Five Redaction Mistakes That Expose Personal Data
A Freedom of Information response from a UK council in 2023 accidentally exposed the personal details of vulnerable individuals. The cause was overlay redaction - black boxes placed on top of text that anyone could lift off with a free PDF tool. It's one of the most common redaction failures, and far from the only one.
By RedactProof Editorial Team Β· Feb 18, 2026
Overlay redaction instead of pixel-burn
This is the mistake that makes headlines. Someone draws a black rectangle over sensitive text in a PDF, exports the file, and sends it out. The text underneath hasn't gone anywhere. Select all, copy, paste into Notepad - there it is.
The distinction matters because most general-purpose PDF tools (including the default annotation features in Adobe Reader, Preview on Mac, and various free online editors) only add a visual layer. The text data remains in the file structure. Genuine redaction requires a tool that replaces the underlying text with image data or removes it from the file entirely. This is called pixel-burn redaction.
How to check: open your redacted PDF in any viewer, try to select and copy text from behind the redaction marks. If you can, the redaction is cosmetic. If you get nothing - or image data - it's genuine.
Forgetting document metadata
You've carefully redacted every name from a 40-page report. But the document properties still show the original author's full name, email address, and the company name in the "Created by" field.
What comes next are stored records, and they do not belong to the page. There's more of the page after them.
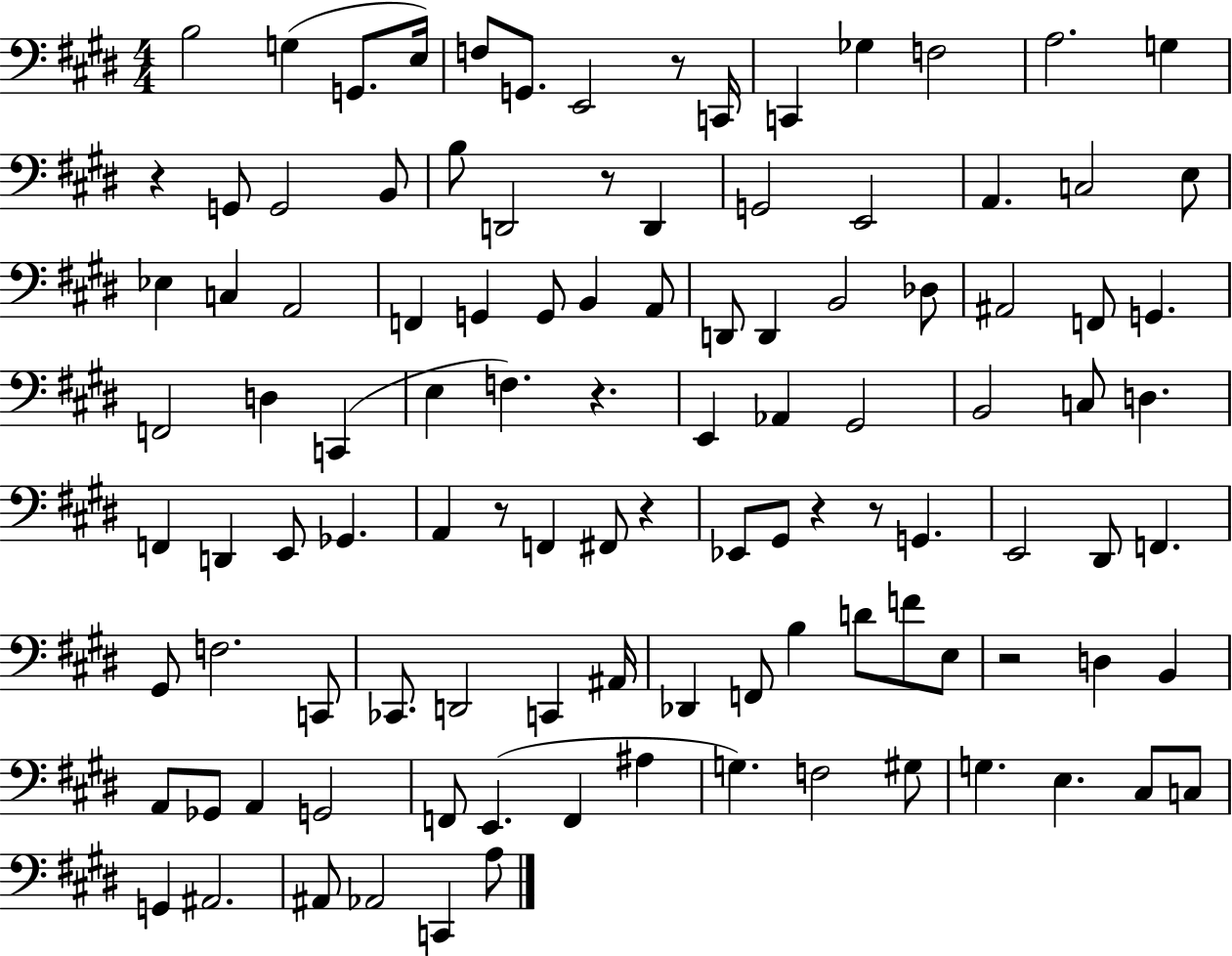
{
  \clef bass
  \numericTimeSignature
  \time 4/4
  \key e \major
  b2 g4( g,8. e16) | f8 g,8. e,2 r8 c,16 | c,4 ges4 f2 | a2. g4 | \break r4 g,8 g,2 b,8 | b8 d,2 r8 d,4 | g,2 e,2 | a,4. c2 e8 | \break ees4 c4 a,2 | f,4 g,4 g,8 b,4 a,8 | d,8 d,4 b,2 des8 | ais,2 f,8 g,4. | \break f,2 d4 c,4( | e4 f4.) r4. | e,4 aes,4 gis,2 | b,2 c8 d4. | \break f,4 d,4 e,8 ges,4. | a,4 r8 f,4 fis,8 r4 | ees,8 gis,8 r4 r8 g,4. | e,2 dis,8 f,4. | \break gis,8 f2. c,8 | ces,8. d,2 c,4 ais,16 | des,4 f,8 b4 d'8 f'8 e8 | r2 d4 b,4 | \break a,8 ges,8 a,4 g,2 | f,8 e,4.( f,4 ais4 | g4.) f2 gis8 | g4. e4. cis8 c8 | \break g,4 ais,2. | ais,8 aes,2 c,4 a8 | \bar "|."
}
The revision history might contain earlier versions with unredacted content. Embedded comments from reviewers can include names and timestamps.
Metadata is the information about the document that most people never look at. A thorough redaction process strips this as well: author fields, revision history, comments, annotations, bookmarks, and any embedded attachments. Most dedicated redaction tools handle this automatically. If yours doesn't, you'll need to clean metadata separately.
Inconsistent name redaction
A witness is named "Sarah Thompson" on page 3 and the redactor catches it. On page 17, a reference to "Ms Thompson" slips through. On page 41, "S. Thompson" appears in a table footer. Same person, three different formats, only one caught.
Automated detection helps here - AI-based tools that understand entity context can link variations of the same name across a document. But even with automation, a final manual pass is sensible for anything being disclosed externally. Search the document for fragments of known names, not just the full version.
Ignoring embedded content
PDFs can contain embedded images, attached files, form field data, and even JavaScript. A scanned letter embedded as an image within a PDF won't be caught by text-based redaction. OCR (optical character recognition) needs to run first to make the text in those images searchable and redactable.
Similarly, PDF form fields store their values separately from the visible text. Redacting what you see on the page doesn't necessarily remove the data stored in the form field object. And attached files embedded within a PDF (contracts with annexes, emails with attachments) need individual review.
We've seen firms send disclosure bundles where the cover sheet is properly redacted but an embedded email attachment three levels deep still contains personal data.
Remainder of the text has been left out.